The faces of convicted mortgage fraudsters, insider traders, and shady stock brokers will soon appear online courtesy of the Utah Legislature, which on Wednesday approved a measure to build the nation’s first white-collar offender registry
The registry will be replete with a “a recent photograph” of Utah’s white-collar offenders and, in case they try to run or hide, their “date of birth, height, weight, and eye and hair color.”
Utah AG Sam Reyes, who formulated the idea for the registry when he was a defense lawyer, told the Ny Times, “White-collar crime is an epidemic in Utah. While violent crimes were devastating, many “physical wounds heal,” whereas white-collar crimes can forever deplete your life savings.”
Utah wants to send a signal that punishment for white collar crime is no long a trip to Club Fed.
The Utah registry, which sailed through the Legislature along with legislation to bring back firing squads as a method of execution and will soon land on Governor Gary Herbert’s desk. The legislation escalates the broader backlash against financial crimes and does tap into a vein of populist outrage over financial misdeeds since American public is still pissed that no Wall Street executives went to prison over the 2008 financial crisis as millions of Americans still fight to save their home.
Some Utah lawmakers fear that the registry may be overkill but it does tap into a vein of populist outrage over financial misdeeds. As much as sex offender registries spread state by state, so too could a white-collar crime registry find favor across the nation, say its supporters.

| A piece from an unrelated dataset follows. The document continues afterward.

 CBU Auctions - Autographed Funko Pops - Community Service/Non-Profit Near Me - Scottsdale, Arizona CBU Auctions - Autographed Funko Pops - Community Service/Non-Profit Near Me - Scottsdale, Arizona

The legislation’s sponsor in the Utah Senate, Curtis S. Bramble, a Republican, plans to heavily promote the idea through his role as president-elect of the National Conference of State Legislatures,
Some defense lawyers are already complaining about the prospect of white-collar registries spreading to other states.
Susan Brune, who represents white-collar defendants at Brune & Richard in New York told the NY Times,“You’re adding one more punishment without any real showing that it’s needed,”
Since high dollar white-collar cases typically attract media attention, Ms. Brune remarked that “Google is already a pretty effective registry.”